TONIGHT: Clear. Lows 21-27. Wind NW to N 5-15 MPH with higher gusts.
THURSDAY: Sunshine much of the day, limited late as clouds advance. Highs 40-46. Wind variable up to 10 MPH.
THURSDAY NIGHT: Clouding over. Rain showers possible after midnight. Lows 34-40 early then rising back into the 40s. Wind SW 5-15 MPH.
FRIDAY: Mainly cloudy with rain showers in the morning. Clearing afternoon. Highs 46-52. Wind W 10-20 MPH with higher gusts.
SATURDAY: Mostly sunny. Lows in the 20s. Highs in the 40s.
SUNDAY: Variably cloudy with a slight risk of very light rain/snow morning. Clearing afternoon. Lows in the 30s. Highs in the 40s.

DAYS 6-10 (DECEMBER 4-8)
Back to milder at the start of this period and then mid period some unsettled weather marks the first hint at a coming pattern change. It will not happen all at once but this unsettled weather should be followed by a push of colder air to end this period.

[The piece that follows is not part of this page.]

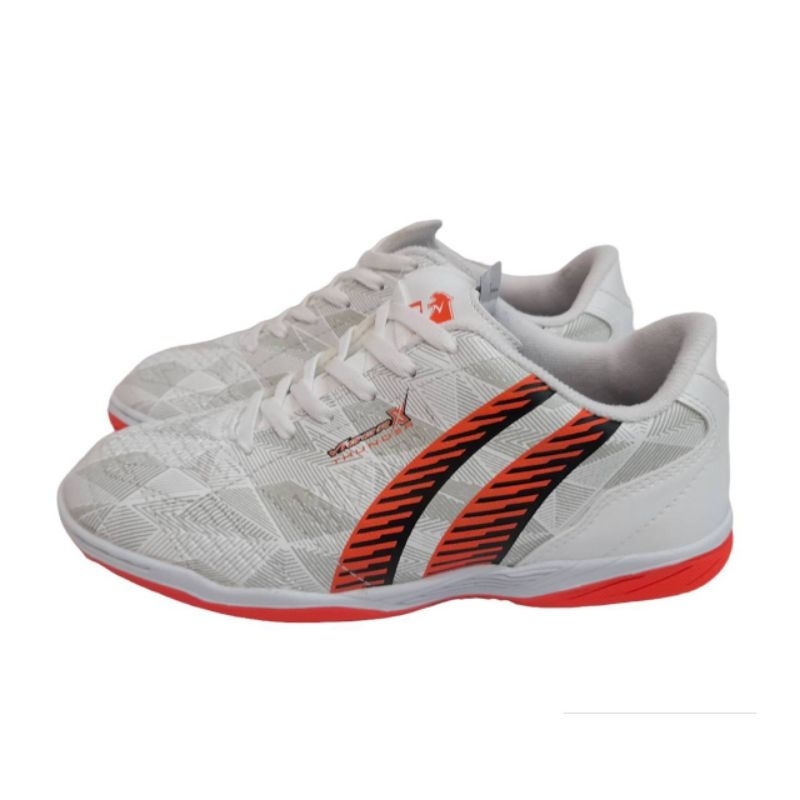 Pan รองเท้าฟุตซอลเด็ก Pan VigorX THUNDER Size 32-38 PF14PA ราคา 679 บาท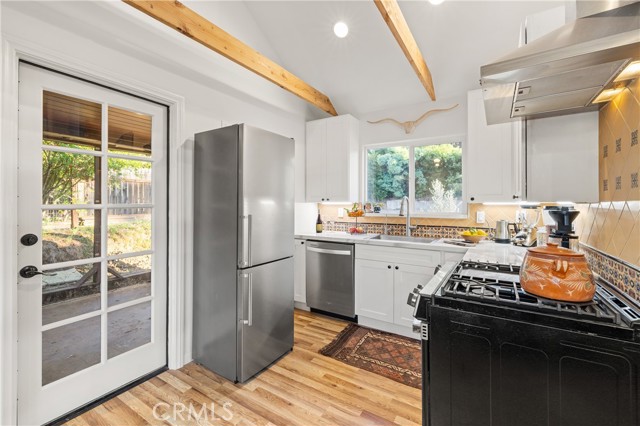 Detail Gallery Image 13 of 41 For 95 Taormina Ln, Ojai,  CA 93023 - 1 Beds | 1 Baths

DAYS 11-15 (DECEMBER 9-13)
A blocking pattern in the atmosphere will change the weather pattern during this period. Here we should see a brief warm-up early period, then another round of unsettled weather with colder air returning in a stronger push by the very end of the period. A little difficult to time things and detail them so far out, so we will continue to refine.

Tuesday Forecast

9:32AM

DAYS 1-5 (NOVEMBER 28-DECEMBER 2)
Two moisture-starved fronts will cross the region during the next couple days, a warm front today, and a cold front Wednesday. The cold front may try to send a few rain showers into the region but it looks as if most of them will either dry up or pass north of the region. So despite these fronts traversing the area, we will see largely fair weather, and this will continue for the final day of November on Thursday as high pressure dominates. A low pressure area will track eastward, passing north of the region on Friday. A round of rain showers will occur with this system, but its progressive nature means that after a wet Friday morning it will likely dry out rather quickly. Fair and cooler weather should then return and dominate through Saturday. This will be favorable weather for all high school football championship games, a few of which are Friday night and the majority of which will be on Saturday.
Detailed forecast…
TODAY: Mostly sunny. Highs 43-49. Wind W 5-15 MPH with higher gusts.
TONIGHT: Mostly clear. Lows 33-39. Wind WSW 5-15 MPH with higher gusts.
WEDNESDAY: Partly sunny. A passing rain shower possible in the morning. Highs 53-59. Wind WSW 10-20 MPH with higher gusts, shifting to NW.
THURSDAY: Sunshine, late clouds. Rain showers arriving during the night. Lows in the 30s. Highs in the 40s.
FRIDAY: Mostly cloudy start with early rain showers, then sun/cloud mix. Lows from the lower to middle 40s. Highs from the upper 40s to lower 50s.
SATURDAY: Mostly sunny. Lows from the middle 20s to lower 30s. Highs in the 40s.

DAYS 6-10 (DECEMBER 3-7)
Expecting mainly dry weather during this period with a chilly start then a moderation to above normal temperatures.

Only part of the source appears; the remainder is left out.